Saturday, May 30, 2015

Was Simon Peter of Rome really Simon Magus?

[Update February 2023: This theory is one I no longer support]

This is a follow up to my post where I discredit the Peter being n Rome tradition.

There is an hypothesis out there that Simon Magus's travel to Rome got confused with Peter, and he's the real founder of the Catholic Church via influencing men like Valentinius.  This theory is sometimes presented by people who still think Peter went to Rome.

The traditions of Peter's time in Rome connects him to Simon, the references to him arriving in 42 AD say he came there to oppose Simon Magus.  Some sources contradict the idea of Peter coming twice and list him as ruling Rome for 25 years, from 42-67.  Later apocryphal literature has Peter and Simon battling in Rome during the time of Nero.  It is curious that Peter's death is traditionally dated to 67 AD while the brief Persecution of Christians in Rome under Nero was in 64, right after the fire.

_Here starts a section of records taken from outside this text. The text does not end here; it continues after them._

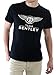 Bentley Team Motors Car Logo Men's T-Shirt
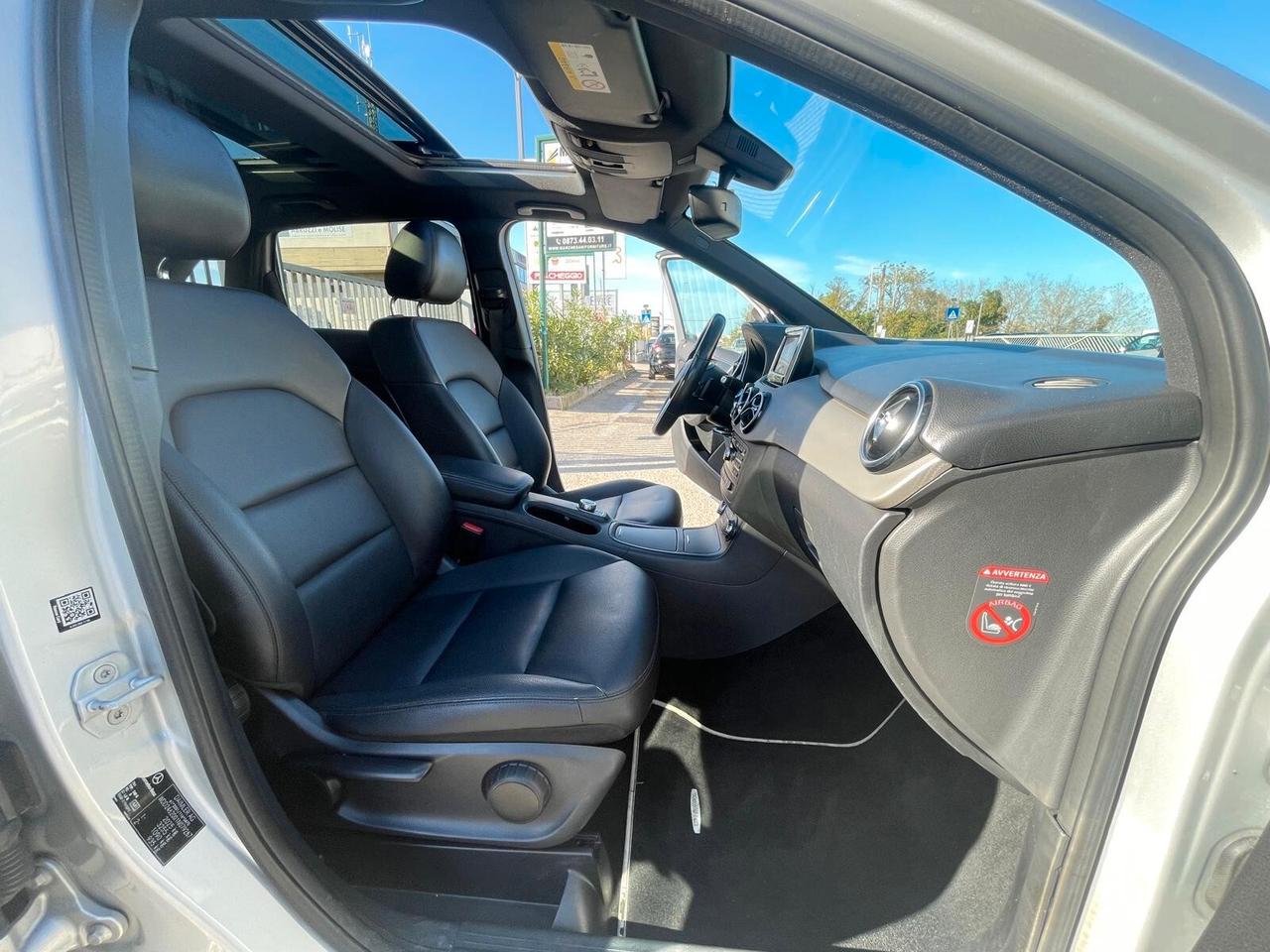 Mercedes-benz B 180 CDI Automatic Premium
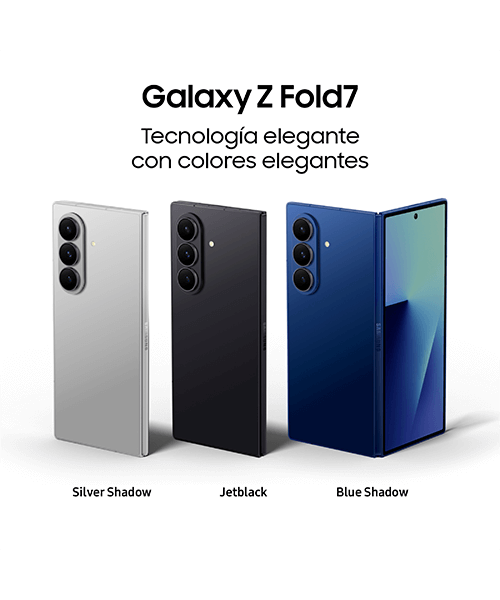 Samsung Galaxy Z Fold 7 12GB+512GB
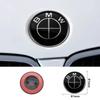  BMW M E46  E60 Ultra Durable Anti-Rust Waterproof 81mm BMW Hood Bonnet Logo Emblem Badge Front Exterior Parts  BMW E36 E64 E85 E60 F10 F30  A1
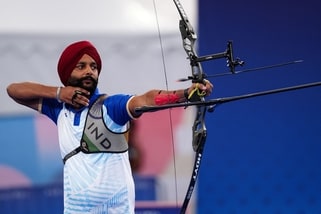 India's Harvinder Singh won a historic gold medal at the 2024 Paralympics in Paris.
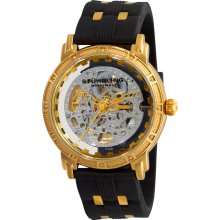 Stuhrling Original Men's Skeleton Dial Watch 165C-33362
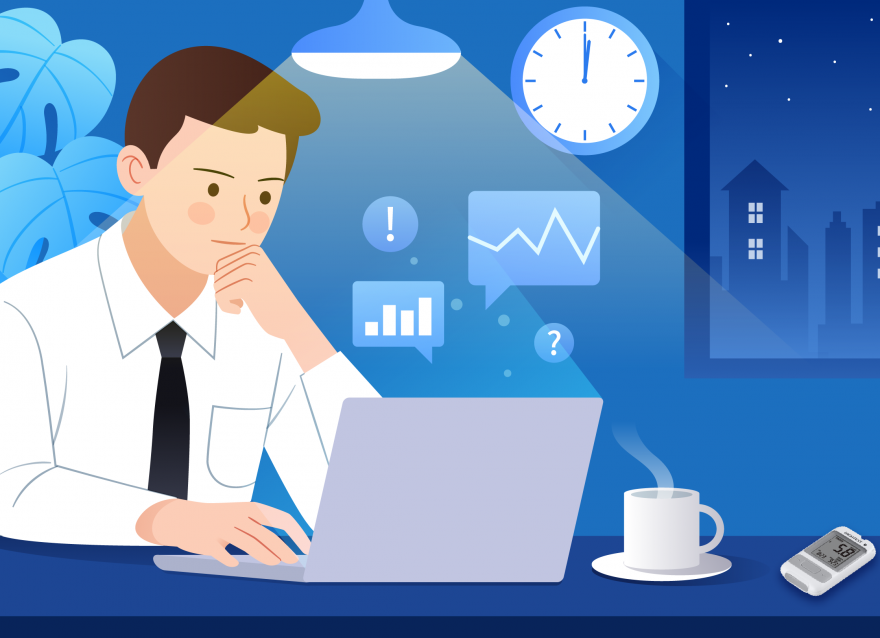 職場人的標配：熬夜+加班+點外賣，誰來買單？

Jerome is the oldest source for Peter coming to Rome to oppose Simon, he's a post Constantine source.  Justin is the oldest source on Simon Magus coming to Rome and doesn't mention Peter opposing him there.  Justin is older then any chief source on Peter coming to Rome at all.

One of the over looked implications of what Simon Magus tried to do in Acts 8 was to buy the office of Apostle.  When that failed perhaps he sought to make himself a false Apostle.

Josephus in Antiquities of The Jews Book 20 Chapter 7 discuses another Magus named Simon, who is linked to Antionus Felix and his marriage to Herod Agrippa II's sister Drusilla.  This Simon appears to be a Cypriot Jew rather then a Samaritan however.

Acts 13 has a False Prophet called Bar-Jesus encounter Paul in Cyprus, who is also called a Magus.  The use of that same word has occasionally caused speculation that he is Simon Magus, independent of the possible Josephus connection.  But I feel Luke would have made clear if this was the same man as Acts 8.  But Simon was a common enough name that it could be the same Magus as Josephus.

A different Josephus account in Book 18 of Pilate's removal includes a sort of False Messiah or False Prophet figure of the Samaritans who helped get them riled up, and who remains unnamed.
"The man who excited them to it was one who thought lying a thing of little consequence, and who contrived every thing so that the multitude might be pleased; so he bid them to get together upon Mount Gerizzim, which is by them looked upon as the most holy of all mountains, and assured them, that when they were come thither, he would show them those sacred vessels which were laid under that place, because Moses put them there"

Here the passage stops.